My amateur opinion was that Aldon Smith never took responsibility for his actions.

Maybe I was wrong. But that’s the impression I got from him, including a time we spoke at length during the 2014 offseason when he came by our studios on Third Street in San Francisco. He visited some tech companies in the South Bay and our studios to get out and gain a greater perspective in life.

On the outside, it looked as if his life was spiraling out of control. But when you spoke with him, he portrayed himself as if he had everything under control. And he could be convincing, too.

That’s why I never really thought Smith had a chance to succeed in a comeback attempt.

Then, I read something Wednesday night that changed my mind. Or, at least, it gave me hope that Smith has turned an important corner. Smith posted a statement on his Instagram account after signing a one-year contract with the Dallas Cowboys.

It read:

There is beauty in the struggle.

Life will always present us w/tests. I’ve learned how to take a different perspective on the adversities of life. Instead of looking at life as a victim, I have embraced the journey as God has planned it, making exponential strides towards becoming a better man.

Take this time that we have away from our normal day to day activities and think about changing your perspectives. Focus not on how bad this situation is but instead on how we can all come out of this better people. Let’s work on the things we have been putting off and grow towards our ultimate potential.

I never thought Smith was a bad guy. Never. His was a sad story, for sure, on many different levels. And he was certainly lacking in maturity.

I always felt he never took responsibilities for his actions -- the actions that derailed his Hall-of-Fame start with the 49ers and ended his tenure with the Raiders before it really even began.

There might have been plenty of underlying reasons Smith had run-ins with the law and issues with substances of abuse. But there are also a lot of people who went through worse and did not repeatedly make the same mistakes, the same poor decisions.

I was not sure how to feel about the latest, unexpected Smith news after Jay Glazer of Fox Sports and The Athletic broke the story that Smith signed a one-year contract with the Dallas Cowboys.

Glazer described Smith as “clean and sober now.” He added, it is “incredible how much he’s turned his life around.” Glazer revealed he has been around Smith for more than a year with the Merging Vets & Players program.
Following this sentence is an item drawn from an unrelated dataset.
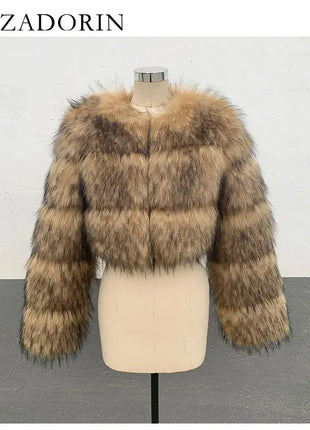 ZADORIN High Quality Cropped Faux Raccoon Fur Coat Women Winter ZADORIN Factory Store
Smith has been “amazing in helping veterans dealing with sobriety issues while getting help himself.”

While I did not doubt any of what Glazer described, what provided the most reason for hope came from Smith -- “instead of looking at life as a victim.” I can’t tell you how happy I was to read those words.

Smith is 30. He has not played in the NFL since 2015. I can only imagine what he faces daily. It is not just a matter of mental toughness or will power. If only it were that easy for him and the many others who deal with similar issues.

It means little to me how well Smith performs on the field this season and, possibly, in the next few years. The important part is that he sets himself up for the many, many years after his playing days are over.

This is a great step on that journey.